I followed #1's advice and although much improved there is still a hazyness on part of the lens so I guess I will have to start with say 500 wet/dry and go from there.
^I went through three grades of sandpaper and about 20 minutes per lens, but it was well worth it. I don't know how bad yours are so I can't really recommend the best grit for you, but the average starting point is 800-1200 and finally 1400.
The 5 minutes per lens is bull bleep. I watched a guy with a power buffer spend about 45 minutes per lens on my car. He made it better, but no where near like new.
You have to be careful using a power buffer. He might have left the buffer in the same place for too long which heats up the plastic making an ultra thin, melted cloudy layer on top. It can look like it didn't melt, just cloudy as a result. Either that or he didn't start out with a coarse enough abrasive.
Heat is the enemy, it helps if it's done when it is cold out and the lights haven't been running so the plastic is as hard as possible, especially if using a power buffer instead of doing it by hand. With a power buffer it also helps to switch back and forth, buff one lens for only a little while then the other one.
One of mine had words and other protrusions molded on which I had to use a toothbrush to get close to. If that's needed, do it before the rest of the lens so the broad buffing evens out the area around it.
You're only polishing the dirt with these kits. For real damage you will need to wet-sand them first and then polish. You will still need to periodically polish them to maintain clarity.

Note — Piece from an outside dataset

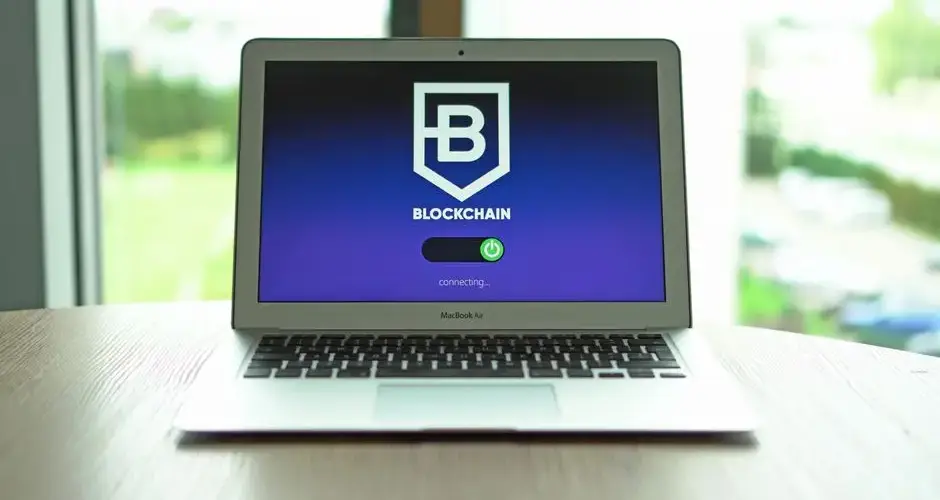 MacBook Air displaying a blockchain concept screen in a bright indoor setting.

I do like my MBZ- they use glass head light cover not plastic... So I don't have to restore that much..
^^ The "wet restoration pads" are the equivalent of wet sanding, you should be able to do a full restore on all but the worst lenses with this kit... except for rock/etc dings but if you sand all those out every time you have a LOT of work to resurface the rest to make it look uniform again.
On the other hand I'm happy with the results of using only plastic polish every year or two but I didn't wait until they looked yellowed to start doing that and don't have to deal with many rock/etc chip producing impacts.
this works OK then?
^ Unless you have deep scratches or dings, then you'll have to start out with a more abrasive sandpaper so it doesn't take several hours to remove enough material to make it somewhat smooth again in that area.
However if your dings are significant, you might first look into getting an acrylic windshield repair kit, wash out and dry the dinged area thoroughly then fill it in with the acrylic leaving a small bump over the area to sand down instead of removing material around the ding too. It won't look perfect in all cases but if a vehicle ages enough to need a headlight lens restore does perfect really matter? Some types of acrylic may not be compatible with polycarbonate lenses due to the solvent used, if in doubt contact the company and ask or proceed at your own risk.
The other option is fine steel wool or abrasive kitchen scrub sponge followed up with typical plastic polish you can get from almost any auto parts store. This is cheaper for maintenance rather than a one-time restore of something really bad. A cordless drill or angle grinder with a buffer wheel on it speeds up the process a lot but uses more polish than doing it by hand.
The 5 minutes per lens is bull bleep. I watched a guy with a power buffer spend about 45 minutes per lens on my car. He made it better, but no where near like new.
I followed #1's advice and although much improved there is still a hazyness on part of the lens so I guess I will have to start with say 500 wet/dry and go from there.
^I went through three grades of sandpaper and about 20 minutes per lens, but it was well worth it. I don't know how bad yours are so I can't really recommend the best grit for you, but the average starting point is 800-1200 and finally 1400.
You have to be careful using a power buffer. He might have left the buffer in the same place for too long which heats up the plastic making an ultra thin, melted cloudy layer on top. It can look like it didn't melt, just cloudy as a result. Either that or he didn't start out with a coarse enough abrasive.
Heat is the enemy, it helps if it's done when it is cold out and the lights haven't been running so the plastic is as hard as possible, especially if using a power buffer instead of doing it by hand. With a power buffer it also helps to switch back and forth, buff one lens for only a little while then the other one.
One of mine had words and other protrusions molded on which I had to use a toothbrush to get close to. If that's needed, do it before the rest of the lens so the broad buffing evens out the area around it.